Tips to Tackle Stress
It’s National Stress Awareness Month. How apt. With many of us in lock-down, it’s likely that stress and anxiety levels are higher than usual. Without dwelling on the many reasons why this April may be the ideal month to highlight stress awareness, we’ve compiled four actionable tips from our favourite mental health charities to help reduce the pressure.
Laughter is the best medicine, they say, and they’re right. Laughing increases endorphins that are released by your brain, helping you feel immediately happier and improving your mood. The action of laughing stimulates your heart, lungs and muscles, and even helps relax tense muscles to reduce some of the physical symptoms of stress. Longer term, it can help boost your immune system by releasing chemicals into the body that fight stress and illness.
If, like us, you’re finding it a little harder to laugh at life right now, turn to the experts. Whether it’s garlic bread gags from Peter Kay, or parenting ironies from Romesh Ranganathan, there’s a comedian for everyone. Relax with an online performance, a comedy boxset, or a hilarious biography, and you’ll soon have those endorphins flowing.
Take your mind off it.
If you can’t get into mindfulness and meditation, you can still feel the benefits of focussing on the here-and-now without ruminating on the ‘what-ifs’ by finding an activity that involves concentration. With more time on your hands, now might be a chance to pick up an old hobby that you can do from home or in the garden. Being creative is a great way to forget everything and lose yourself in an activity, while gardening is a proven stress-buster – from planting up window boxes to planning a new veggie patch. The immersive nature of playing video games is a great form of escapism and playing online with friends is a great way to unwind and stay connected.
Talking is a great way to reduce stress levels. It’s likely that many of us will share the same worries as we face the COVID-19 pandemic and being in lock-down presents a physical barrier to talking with our friends and loved ones. But thanks to video conferencing and video calling apps, it’s easy to connect remotely with friends and family for a catchup.

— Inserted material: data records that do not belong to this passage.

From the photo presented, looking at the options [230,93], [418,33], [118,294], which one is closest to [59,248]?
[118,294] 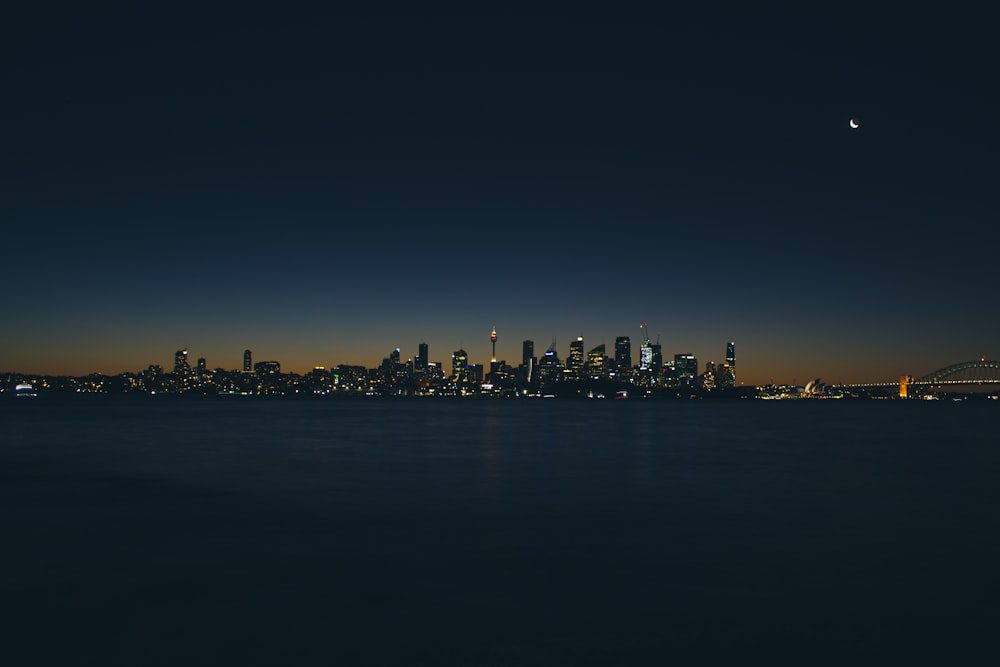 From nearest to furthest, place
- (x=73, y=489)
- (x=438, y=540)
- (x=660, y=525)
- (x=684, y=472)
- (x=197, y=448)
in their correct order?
(x=438, y=540) → (x=660, y=525) → (x=73, y=489) → (x=684, y=472) → (x=197, y=448)

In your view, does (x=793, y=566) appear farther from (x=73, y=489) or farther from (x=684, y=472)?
(x=73, y=489)

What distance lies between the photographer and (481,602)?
42.8 feet

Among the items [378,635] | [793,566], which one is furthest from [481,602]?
[793,566]

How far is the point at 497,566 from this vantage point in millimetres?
15891

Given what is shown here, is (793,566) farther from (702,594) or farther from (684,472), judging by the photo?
(684,472)

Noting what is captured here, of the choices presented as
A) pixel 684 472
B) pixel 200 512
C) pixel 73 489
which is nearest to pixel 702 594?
pixel 200 512

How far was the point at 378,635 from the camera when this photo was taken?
37.1 feet

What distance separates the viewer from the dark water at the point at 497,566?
10.9 metres

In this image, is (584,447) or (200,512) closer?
(200,512)

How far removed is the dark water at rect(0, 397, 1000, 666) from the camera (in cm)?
1092

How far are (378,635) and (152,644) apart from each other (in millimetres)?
3389

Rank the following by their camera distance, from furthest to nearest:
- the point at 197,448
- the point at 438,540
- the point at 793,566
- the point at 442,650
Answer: the point at 197,448 → the point at 438,540 → the point at 793,566 → the point at 442,650

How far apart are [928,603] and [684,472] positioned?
23090 mm

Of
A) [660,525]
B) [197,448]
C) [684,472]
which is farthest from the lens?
[197,448]
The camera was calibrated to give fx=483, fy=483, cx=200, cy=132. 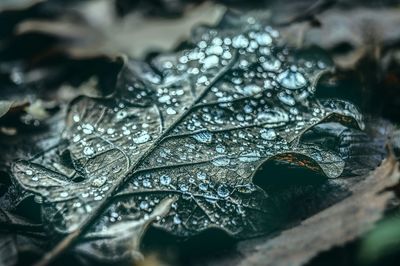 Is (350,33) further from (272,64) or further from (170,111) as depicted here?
(170,111)

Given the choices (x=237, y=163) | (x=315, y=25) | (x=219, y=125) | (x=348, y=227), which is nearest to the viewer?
(x=348, y=227)

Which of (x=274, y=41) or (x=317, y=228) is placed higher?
(x=274, y=41)

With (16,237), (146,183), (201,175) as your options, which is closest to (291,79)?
(201,175)

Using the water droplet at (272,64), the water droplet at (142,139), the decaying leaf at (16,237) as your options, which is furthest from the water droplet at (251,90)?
the decaying leaf at (16,237)

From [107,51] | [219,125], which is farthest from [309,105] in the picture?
[107,51]

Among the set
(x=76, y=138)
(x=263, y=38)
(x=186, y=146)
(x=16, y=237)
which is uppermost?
(x=263, y=38)

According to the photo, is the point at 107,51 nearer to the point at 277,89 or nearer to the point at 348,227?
the point at 277,89

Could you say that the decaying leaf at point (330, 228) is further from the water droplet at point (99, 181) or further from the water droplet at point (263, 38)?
the water droplet at point (263, 38) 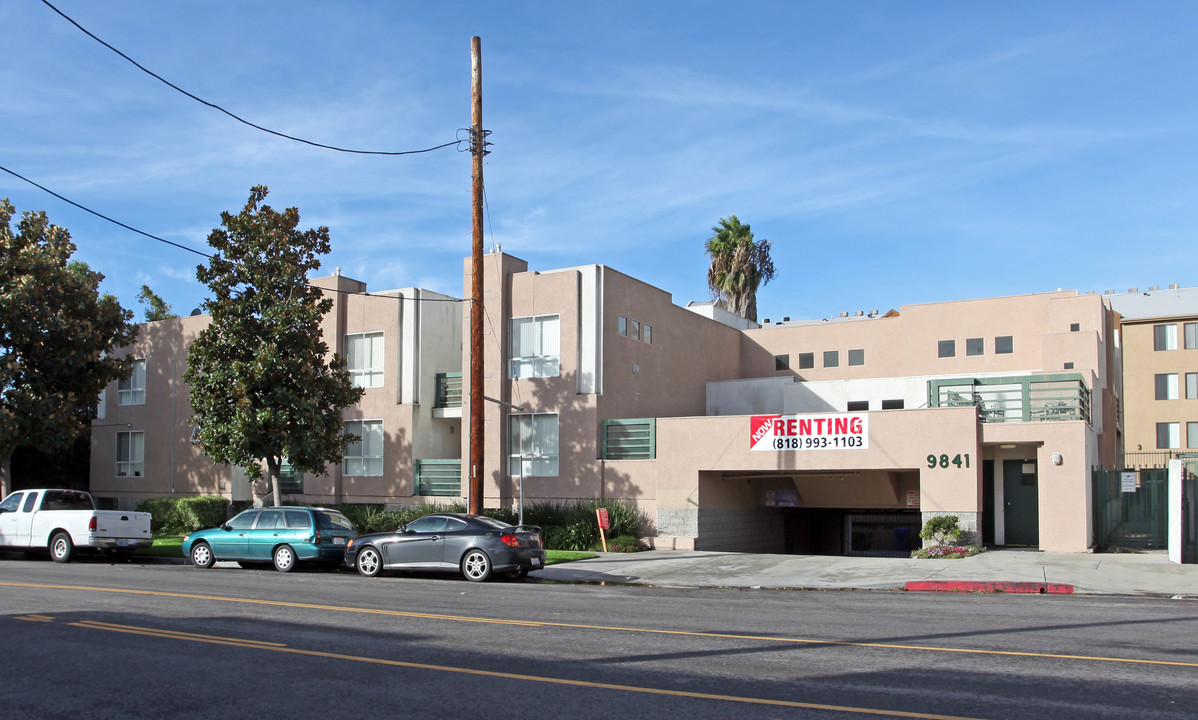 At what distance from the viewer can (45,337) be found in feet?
98.0

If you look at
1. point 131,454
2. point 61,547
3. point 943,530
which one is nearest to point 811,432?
point 943,530

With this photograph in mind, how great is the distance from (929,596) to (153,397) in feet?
99.7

If you know someone who might be struggling with anxiety or feelings of isolation, let them know you’re there to talk and ready to listen.
Write a List.
Writing lists is a proven way to get your brain functioning better. When we’re stressed and anxious, our thoughts can seem cluttered and our brains foggy. Clearing out your mind by writing a to-do list – preferably before you go to sleep - can help you feel calmer and better able to cope with a task or problem. We can see the tasks we want to do, and the act of writing them down means we get those thoughts out of our heads.
The same works for worries. Putting your concerns down on paper has a calming effect on your brain. You’ll quickly see if the worry is something within your control. If it is, then put down some actions to resolve it.